What to work on -> Output exactly the lines from the one containing "Artists turn to" through the final line of the entries below, both included, and skip the pictures.

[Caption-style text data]
|---|

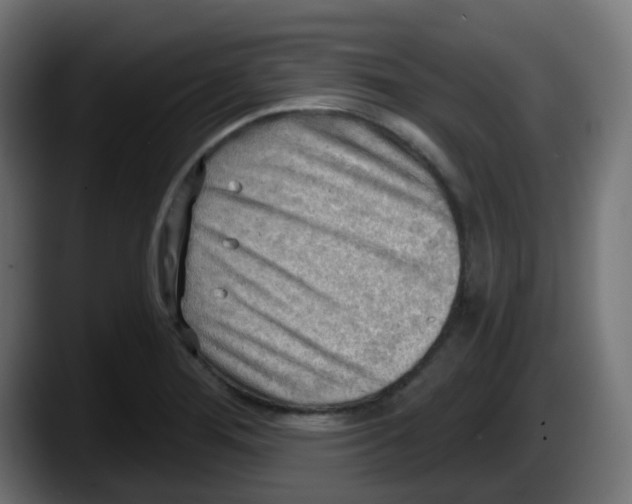 X0000087551276200705251733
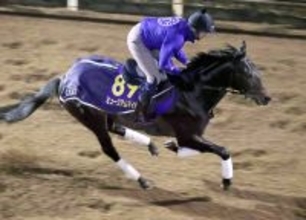 【有馬記念】強い３歳世代の代表だ！　ミュージアムマイルは坂路でパワフル　高柳大調教師「ダービーの時とは違う」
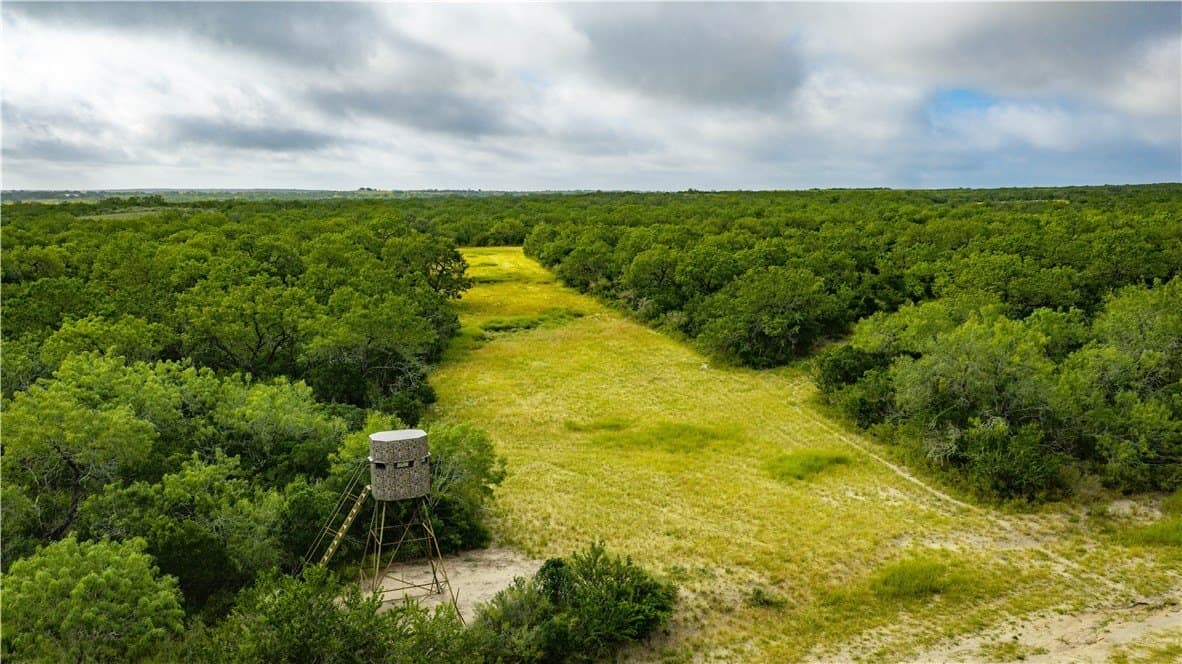 1,695.21 acres in Live Oak County - photo 23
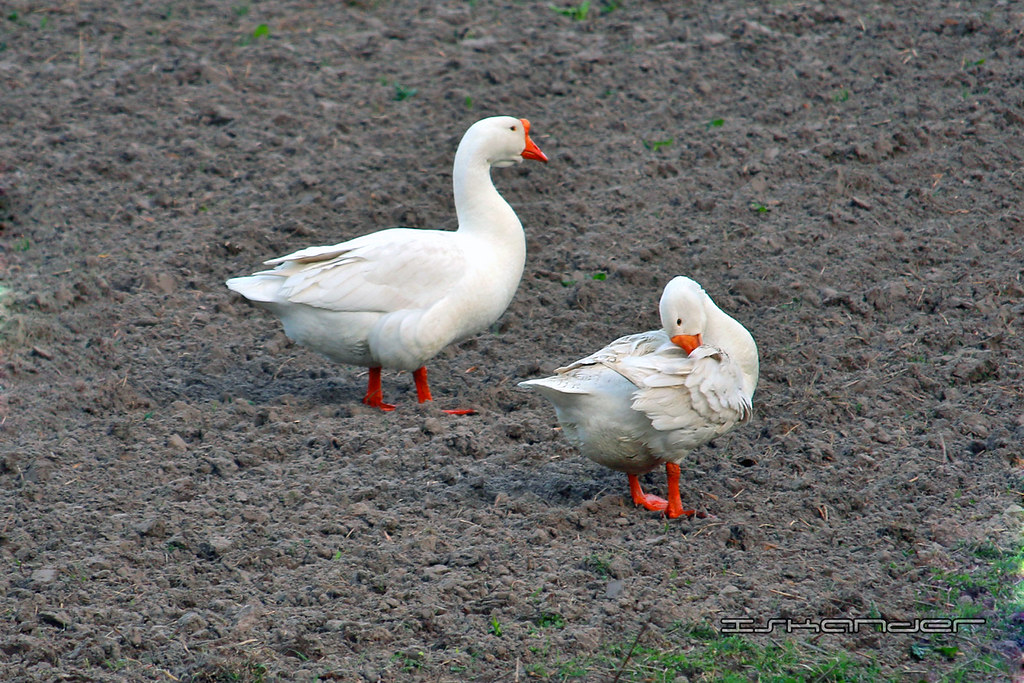 a-geese-02 | village life | iskander photography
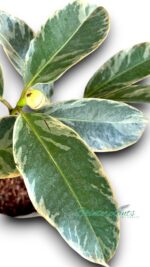 Mangosteen Variegated - Image 4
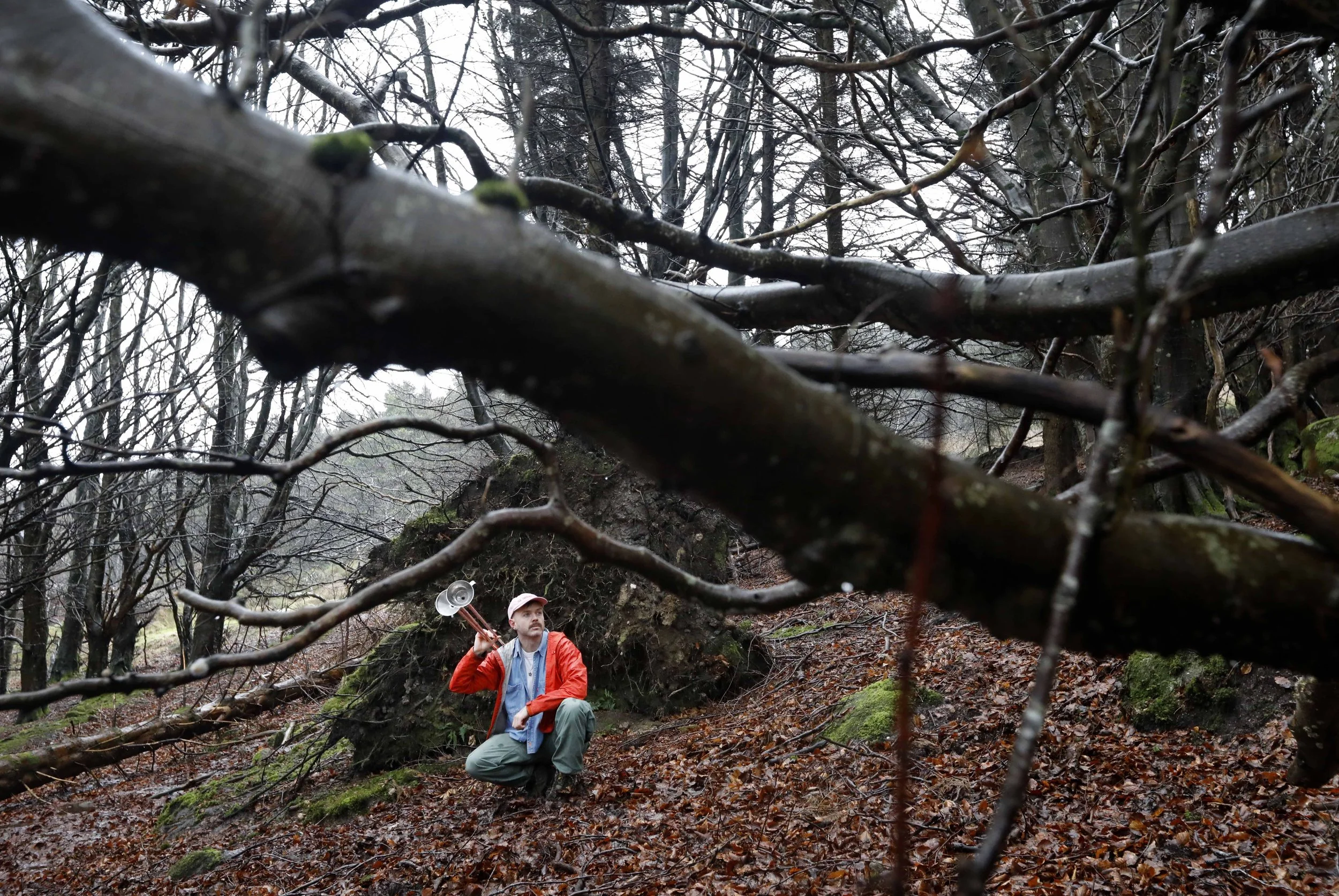 Artists turn to Dublin’s forests to explore community benefits and climate impacts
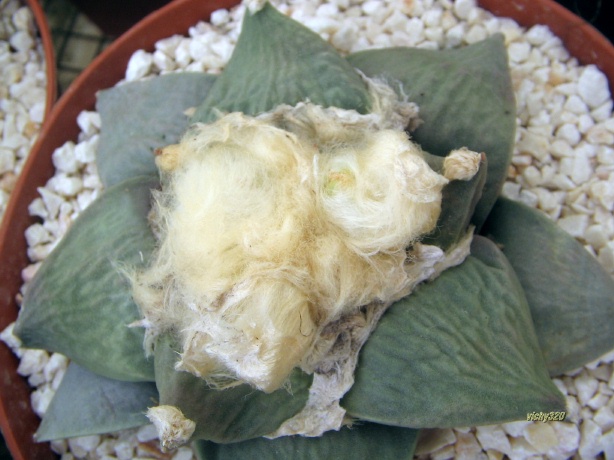 Ariocarpus retusus v. furfuraceus 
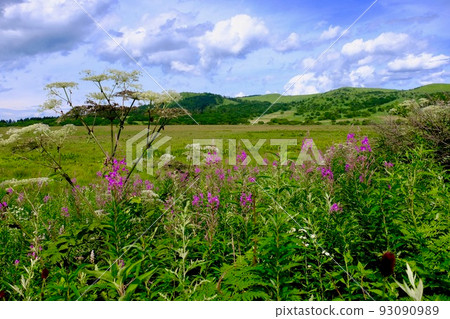 Yashima Mogara 93090989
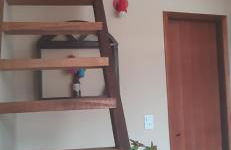 Loft Recanto dos Coelho Ferradura - Foto 26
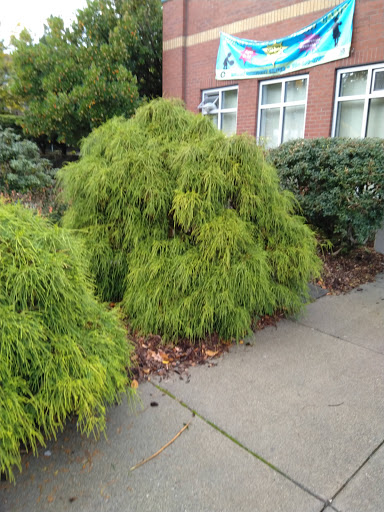 Community Center «Miller Community Center», reviews and photos, 330 19th Ave E, Seattle, WA 98112, USA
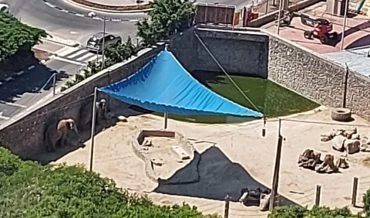 הפילים מצטופפים בפינת צל קטנה בחי פארק (צילום: אריק מוגרמן)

|---|

Solution below ->
 Artists turn to Dublin’s forests to explore community benefits and climate impacts
 Ariocarpus retusus v. furfuraceus 
 Yashima Mogara 93090989
 Loft Recanto dos Coelho Ferradura - Foto 26
 Community Center «Miller Community Center», reviews and photos, 330 19th Ave E, Seattle, WA 98112, USA
 הפילים מצטופפים בפינת צל קטנה בחי פארק (צילום: אריק מוגרמן)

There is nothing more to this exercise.